About


Cycle GAN - Computer Vision @ UIUC

Description:

In this project, the idea is to implement the algorithm developed by Jun-Yan Zhu, Taesung Park, Phillip Isola and Alexei A. Efros in their paper “Unpaired Image-to-Image Translation using Cycle-Consistent Adversarial Networks”.

This algorithm learns a mapping function $G: X \mapsto Y$ using an adversarial loss such that $G(X)$ cannot be distinguished from $Y$, where $X$ and $Y$ are the input and output images respectively. The algorithm also learns an inverse mapping function $F: Y \mapsto X$ using a cycle consistency loss such that $F(G(X))$ is indistinguishable from $X$. However, the major aspect in which this implementation truly shines is that it does not require the $X$ and $Y$ pairs to exist, i.e. image pairs are not needed to train this model. This is highly beneficial as such pairs are not necessarily always available or tend to be expensive monetarily. An application of this could be used in movies, where, if a movie crew was unable to shoot a scene at a particular location during the summer season and it is now winter, the movie crew can now shoot the scene and use this algorithm to generate scenes which look like they were shot during the summer. Other areas in which this algorithm can be applied include image enhancement, image generation from sketches or paintings, object transfiguration, etc. The algorithm proves to be superior to several prior methods.

Goal:

Minimum Goal:

Implement the method proposed in the paper and test it on test and self provided images. Eg. apples to oranges and vice versa, horses to zebras and vice versa, etc.

Maximum Goal:

Implement this algorithm and propose certain modifications to enhance the outputs and also make it work on videos. Eg. the seasonal change video discussed in the introduction.

Reservations:

Although, team members have some basic understanding of neural networks, understanding the underlying network graph for unpaired image to image translation could be challenging. Training the entire dataset could be a mammoth task both computationally and schematically, hence implementing a toy example for unpaired image to image translation is the minimum task for this project.

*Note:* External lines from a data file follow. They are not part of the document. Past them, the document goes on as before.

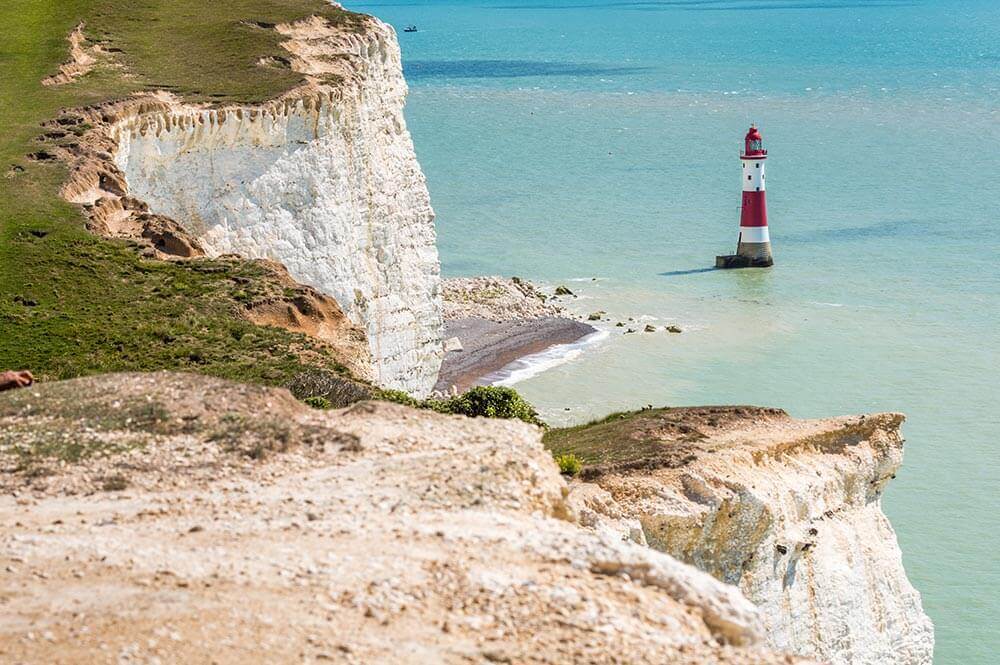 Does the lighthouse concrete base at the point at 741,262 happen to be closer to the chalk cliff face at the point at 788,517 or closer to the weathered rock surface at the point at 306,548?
the chalk cliff face at the point at 788,517

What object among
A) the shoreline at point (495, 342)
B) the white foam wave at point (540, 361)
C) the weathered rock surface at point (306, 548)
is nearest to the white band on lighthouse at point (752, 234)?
the shoreline at point (495, 342)

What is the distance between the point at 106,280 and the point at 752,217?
1720 inches

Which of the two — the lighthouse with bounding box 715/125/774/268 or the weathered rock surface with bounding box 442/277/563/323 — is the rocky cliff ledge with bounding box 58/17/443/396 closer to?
the weathered rock surface with bounding box 442/277/563/323

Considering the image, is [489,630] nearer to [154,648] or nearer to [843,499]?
[154,648]

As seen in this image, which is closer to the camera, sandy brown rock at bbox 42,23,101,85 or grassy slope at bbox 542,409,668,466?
grassy slope at bbox 542,409,668,466

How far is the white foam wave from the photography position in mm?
51250

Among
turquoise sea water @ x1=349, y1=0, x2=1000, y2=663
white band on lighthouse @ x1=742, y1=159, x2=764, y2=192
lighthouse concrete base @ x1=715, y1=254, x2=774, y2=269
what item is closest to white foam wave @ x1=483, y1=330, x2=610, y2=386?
turquoise sea water @ x1=349, y1=0, x2=1000, y2=663

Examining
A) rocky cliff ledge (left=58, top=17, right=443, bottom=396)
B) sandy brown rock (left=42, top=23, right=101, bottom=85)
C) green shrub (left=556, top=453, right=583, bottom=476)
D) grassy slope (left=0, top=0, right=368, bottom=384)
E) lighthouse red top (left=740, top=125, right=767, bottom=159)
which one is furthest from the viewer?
lighthouse red top (left=740, top=125, right=767, bottom=159)

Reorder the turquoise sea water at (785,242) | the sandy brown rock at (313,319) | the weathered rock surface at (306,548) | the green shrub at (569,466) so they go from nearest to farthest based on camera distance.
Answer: the weathered rock surface at (306,548) < the green shrub at (569,466) < the sandy brown rock at (313,319) < the turquoise sea water at (785,242)

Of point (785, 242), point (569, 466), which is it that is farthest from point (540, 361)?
point (569, 466)

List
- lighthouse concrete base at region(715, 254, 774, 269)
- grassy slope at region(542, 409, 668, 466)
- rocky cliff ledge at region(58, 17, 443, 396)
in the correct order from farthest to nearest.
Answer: lighthouse concrete base at region(715, 254, 774, 269)
rocky cliff ledge at region(58, 17, 443, 396)
grassy slope at region(542, 409, 668, 466)

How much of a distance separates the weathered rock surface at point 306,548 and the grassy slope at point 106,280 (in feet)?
22.7

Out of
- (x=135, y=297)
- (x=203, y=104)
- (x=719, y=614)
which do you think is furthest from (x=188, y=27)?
(x=719, y=614)

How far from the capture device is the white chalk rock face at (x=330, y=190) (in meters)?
34.4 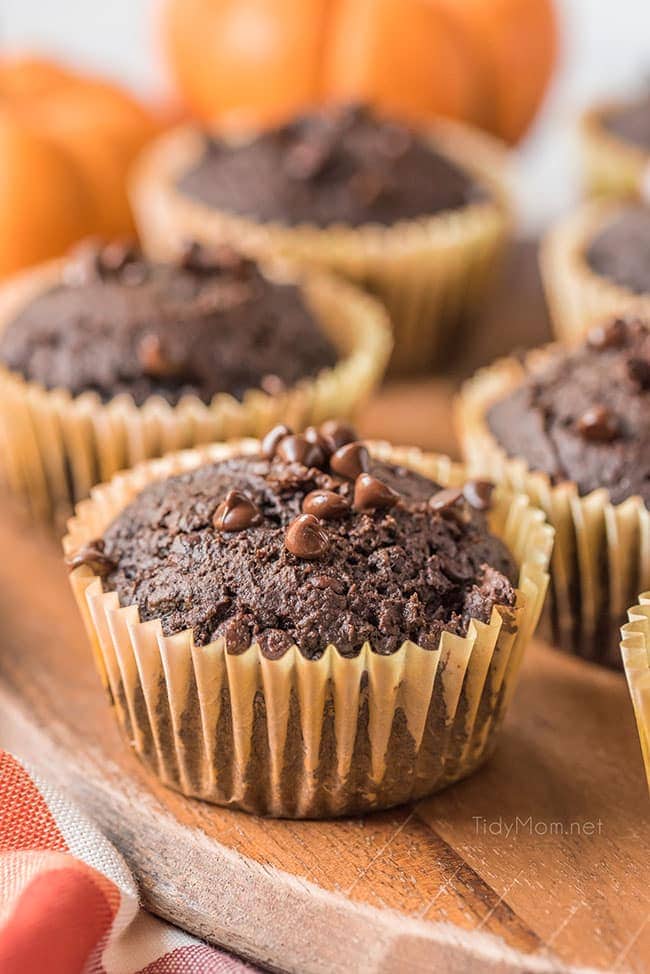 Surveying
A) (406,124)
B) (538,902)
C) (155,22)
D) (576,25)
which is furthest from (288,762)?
(576,25)

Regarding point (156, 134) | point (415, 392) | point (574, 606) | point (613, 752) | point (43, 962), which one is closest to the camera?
point (43, 962)

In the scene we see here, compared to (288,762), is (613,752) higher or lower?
lower

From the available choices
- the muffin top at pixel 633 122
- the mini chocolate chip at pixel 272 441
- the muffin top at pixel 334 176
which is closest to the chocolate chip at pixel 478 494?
the mini chocolate chip at pixel 272 441

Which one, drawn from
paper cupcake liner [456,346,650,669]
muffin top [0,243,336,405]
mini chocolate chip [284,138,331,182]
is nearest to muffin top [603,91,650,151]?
mini chocolate chip [284,138,331,182]

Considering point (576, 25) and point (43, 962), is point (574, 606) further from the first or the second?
point (576, 25)

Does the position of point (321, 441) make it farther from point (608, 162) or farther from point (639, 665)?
point (608, 162)

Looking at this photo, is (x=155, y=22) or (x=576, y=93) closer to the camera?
(x=155, y=22)

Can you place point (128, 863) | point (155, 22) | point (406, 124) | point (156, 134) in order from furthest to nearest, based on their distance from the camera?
point (155, 22), point (156, 134), point (406, 124), point (128, 863) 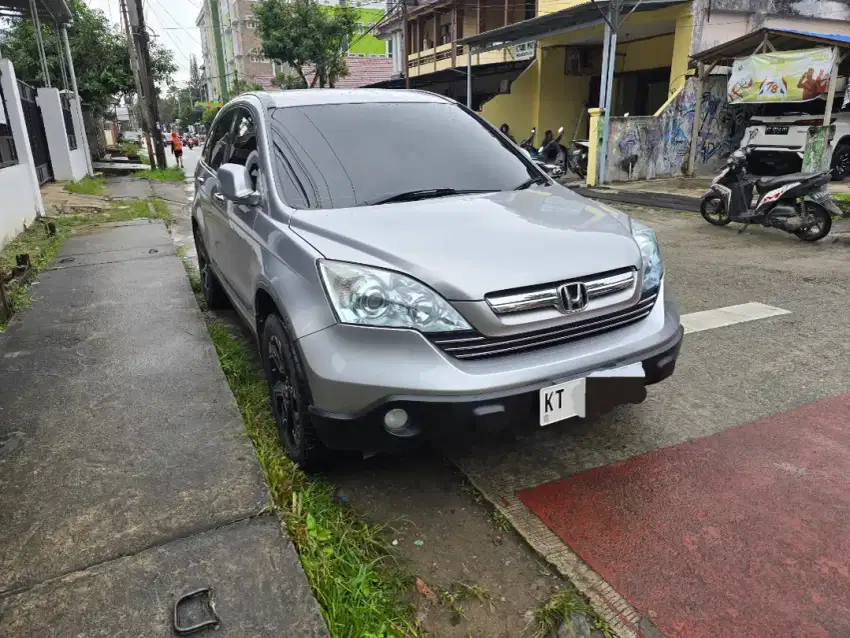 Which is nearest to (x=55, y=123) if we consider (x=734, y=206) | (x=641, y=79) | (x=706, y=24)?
(x=734, y=206)

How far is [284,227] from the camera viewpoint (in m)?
2.79

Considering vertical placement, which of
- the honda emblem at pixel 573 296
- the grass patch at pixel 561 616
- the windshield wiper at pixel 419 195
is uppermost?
the windshield wiper at pixel 419 195

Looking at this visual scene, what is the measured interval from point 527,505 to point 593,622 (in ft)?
2.10

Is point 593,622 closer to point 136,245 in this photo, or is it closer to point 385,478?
point 385,478

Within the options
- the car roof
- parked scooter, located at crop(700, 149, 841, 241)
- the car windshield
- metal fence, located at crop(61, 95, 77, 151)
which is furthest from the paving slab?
metal fence, located at crop(61, 95, 77, 151)

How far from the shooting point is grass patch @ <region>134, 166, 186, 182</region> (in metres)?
18.3

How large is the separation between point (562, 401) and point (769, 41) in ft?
46.1

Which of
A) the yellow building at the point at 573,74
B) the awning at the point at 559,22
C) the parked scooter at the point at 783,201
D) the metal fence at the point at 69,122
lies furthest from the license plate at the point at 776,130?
the metal fence at the point at 69,122

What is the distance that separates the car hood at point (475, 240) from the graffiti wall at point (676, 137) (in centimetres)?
1254

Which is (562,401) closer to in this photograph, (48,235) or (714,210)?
(714,210)

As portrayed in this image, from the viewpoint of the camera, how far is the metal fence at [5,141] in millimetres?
8805

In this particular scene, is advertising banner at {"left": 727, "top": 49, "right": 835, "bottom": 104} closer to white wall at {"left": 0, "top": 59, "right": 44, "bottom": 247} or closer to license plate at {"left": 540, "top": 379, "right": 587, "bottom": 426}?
license plate at {"left": 540, "top": 379, "right": 587, "bottom": 426}

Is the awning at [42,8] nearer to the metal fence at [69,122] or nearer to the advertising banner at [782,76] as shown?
the metal fence at [69,122]

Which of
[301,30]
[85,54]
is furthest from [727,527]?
→ [301,30] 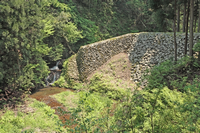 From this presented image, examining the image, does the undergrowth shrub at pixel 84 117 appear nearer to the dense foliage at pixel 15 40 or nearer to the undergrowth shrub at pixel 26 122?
the undergrowth shrub at pixel 26 122

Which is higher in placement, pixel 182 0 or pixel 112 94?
pixel 182 0

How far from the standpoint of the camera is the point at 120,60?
12281 mm

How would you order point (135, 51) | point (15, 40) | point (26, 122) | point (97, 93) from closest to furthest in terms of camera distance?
point (26, 122) < point (15, 40) < point (97, 93) < point (135, 51)

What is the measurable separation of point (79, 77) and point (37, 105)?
14.6 feet

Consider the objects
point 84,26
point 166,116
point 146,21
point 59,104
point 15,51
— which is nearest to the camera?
point 166,116

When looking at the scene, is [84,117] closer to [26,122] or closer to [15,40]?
[26,122]

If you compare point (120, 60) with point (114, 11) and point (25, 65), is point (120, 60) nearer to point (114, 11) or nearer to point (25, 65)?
point (25, 65)

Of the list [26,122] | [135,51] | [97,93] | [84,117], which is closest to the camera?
[84,117]

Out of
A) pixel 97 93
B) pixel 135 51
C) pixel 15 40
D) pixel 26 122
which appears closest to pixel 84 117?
pixel 26 122

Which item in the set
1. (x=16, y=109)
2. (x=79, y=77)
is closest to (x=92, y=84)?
(x=79, y=77)

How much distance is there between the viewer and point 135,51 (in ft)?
40.4

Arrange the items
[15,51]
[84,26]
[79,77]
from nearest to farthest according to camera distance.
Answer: [15,51] < [79,77] < [84,26]

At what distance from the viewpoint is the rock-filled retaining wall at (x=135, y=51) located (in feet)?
34.5

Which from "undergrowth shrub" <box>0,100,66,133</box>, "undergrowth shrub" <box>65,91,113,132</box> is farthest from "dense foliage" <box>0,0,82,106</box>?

Relationship to your background:

All three team members are graduate (Masters’) students in the Department of Industrial Engineering with a concentration in Advanced Analytics. Ziyu and Naman are currently enrolled in the CS446: Machine Learning course which requires them to implement various machine learning algorithms on TensorFlow. The course will also be providing them with an introduction to Generative Adversarial Networks (GANs). Harshad has worked on research projects with his advisor that required him to work with Machine Learning algorithms and implement small Neural Networks on Keras. All three members want to advance their knowledge in Deep Learning and Computer Vision as they desire to pursue their careers as Machine Learning Engineers/Data Scientists. The team does not have prior experience in computer vision and deep learning research. This project will provide them with an excellent opportunity to learn about neural networks and GAN’s.

Resources:

The standard dataset for unpaired image to image translation is available at EECS UC Berkeley’s CycleGAN web page.

This data set have following image clusters :

Data Date Size
ae_photos.zip 2017-04-03 22:06 10M
apple2orange.zip 2017-03-28 13:51 75M
cezanne2photo.zip 2017-03-28 13:51 267M
cityscapes.zip 2017-03-29 03:22 267M
facades.zip 2017-03-29 23:23 34M
horse2zebra.zip 2017-03-28 13:51 111M
iphone2dslr_flower.zip 2017-03-30 12:05 324M
maps.zip 2017-03-26 19:17 1.4G
monet2photo.zip 2017-03-26 19:17 291M
Summer2winter.zip 2017-03-26 19:17 126M
ukiyoe2photo.zip 2017-03-26 19:17 279M
vangogh2photo.zip 2017-03-26 19:17 292M

Note : The script to download the dataset can be found at Cycle GAN repository and can we used by following command :

sh ./download_dataset.sh <name of dataset>

The team requires access to BlueWaters for training the network as none of the team members have a GPU or access to any cloud computing platforms.